[[ RECORDS FOR THIS EXERCISE, beginning ]]

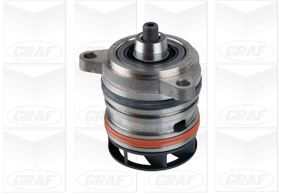 Water Pump - PA982 GRAF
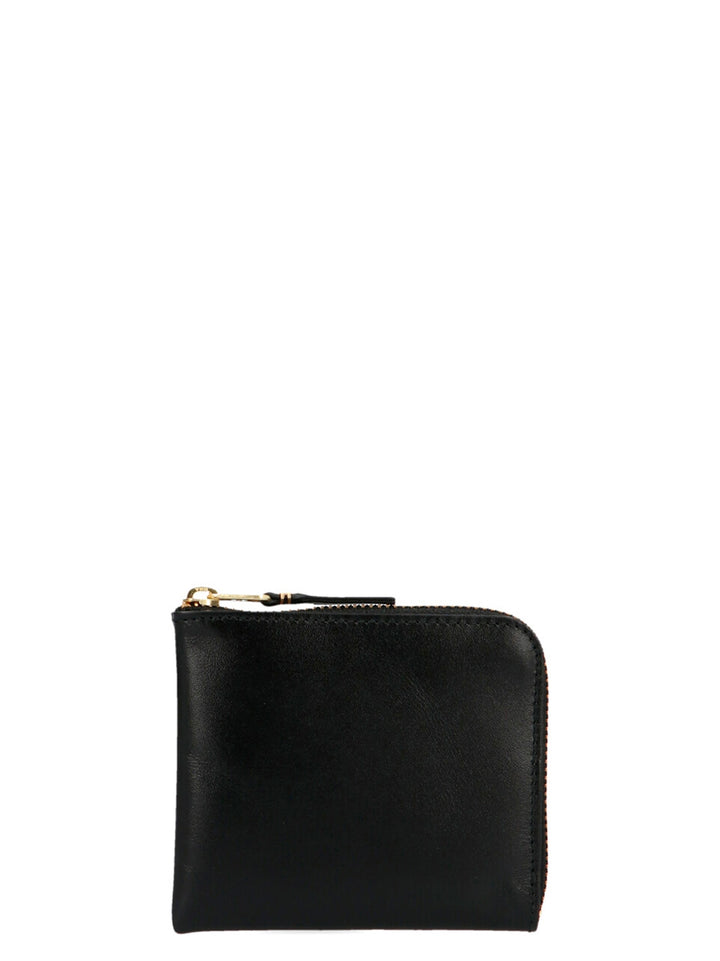 Arecalf Wallets, Card Holders Black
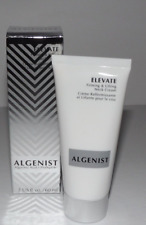 Algenist ELEVATE Firming & Lifting Neck Cream 2 oz/ 60mL New Open Box for sale  Shipping to South Africa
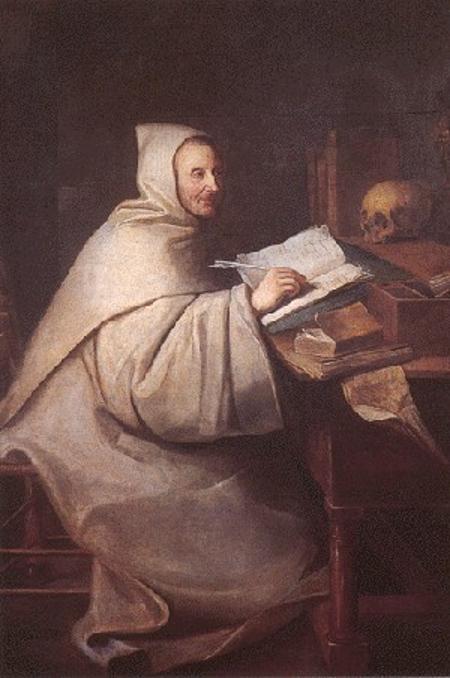Armand Jean Le Bouthillier Rancé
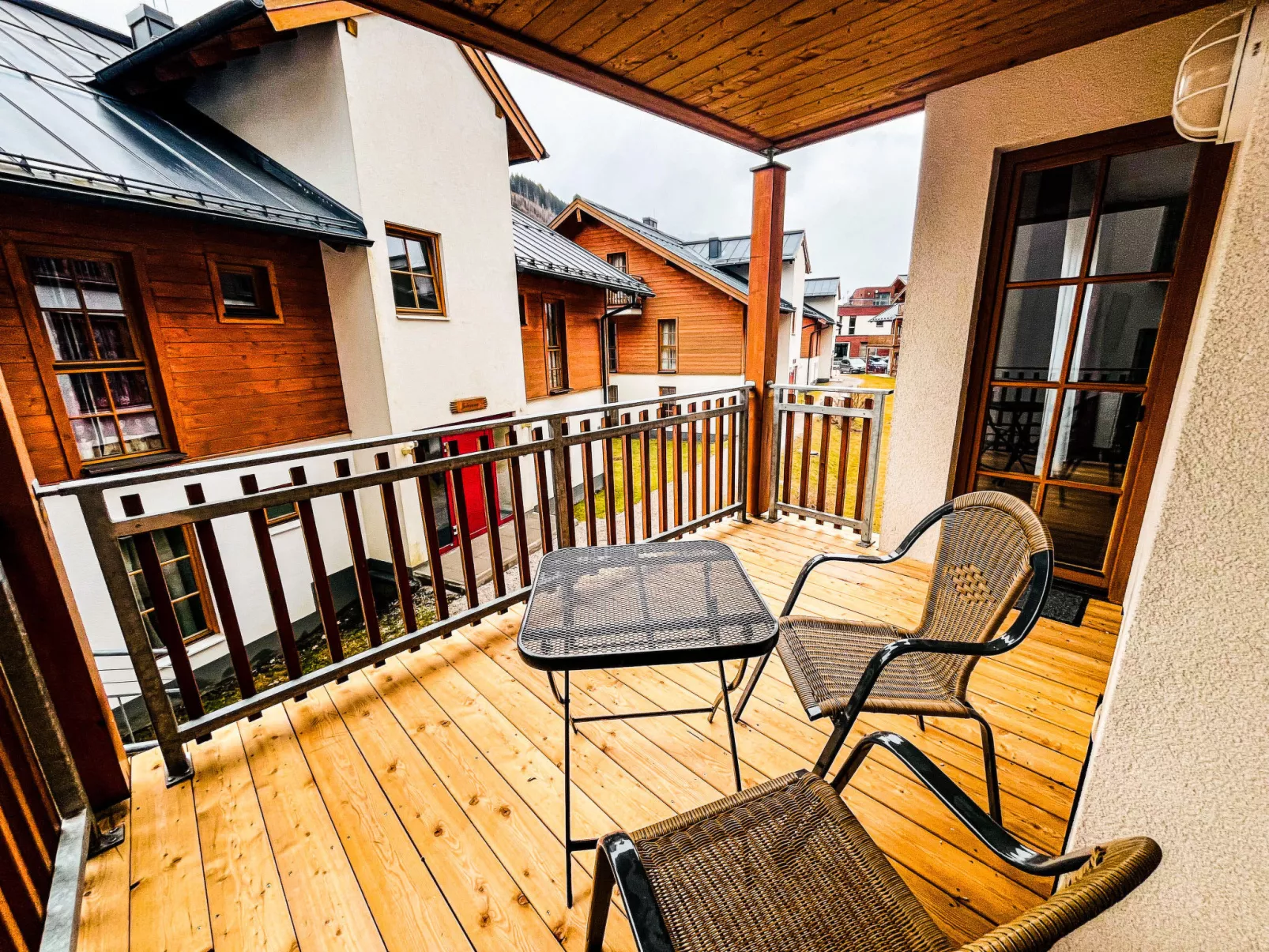 Schönblick - Martina 4 - Outside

[[ RECORDS FOR THIS EXERCISE, end ]]

**YOUR ASSIGNMENT**
Would you output all of the entries above exactly, keeping the pictures out?

**REPLY**
 Water Pump - PA982 GRAF
 Arecalf Wallets, Card Holders Black
 Algenist ELEVATE Firming & Lifting Neck Cream 2 oz/ 60mL New Open Box for sale  Shipping to South Africa
Armand Jean Le Bouthillier Rancé
 Schönblick - Martina 4 - Outside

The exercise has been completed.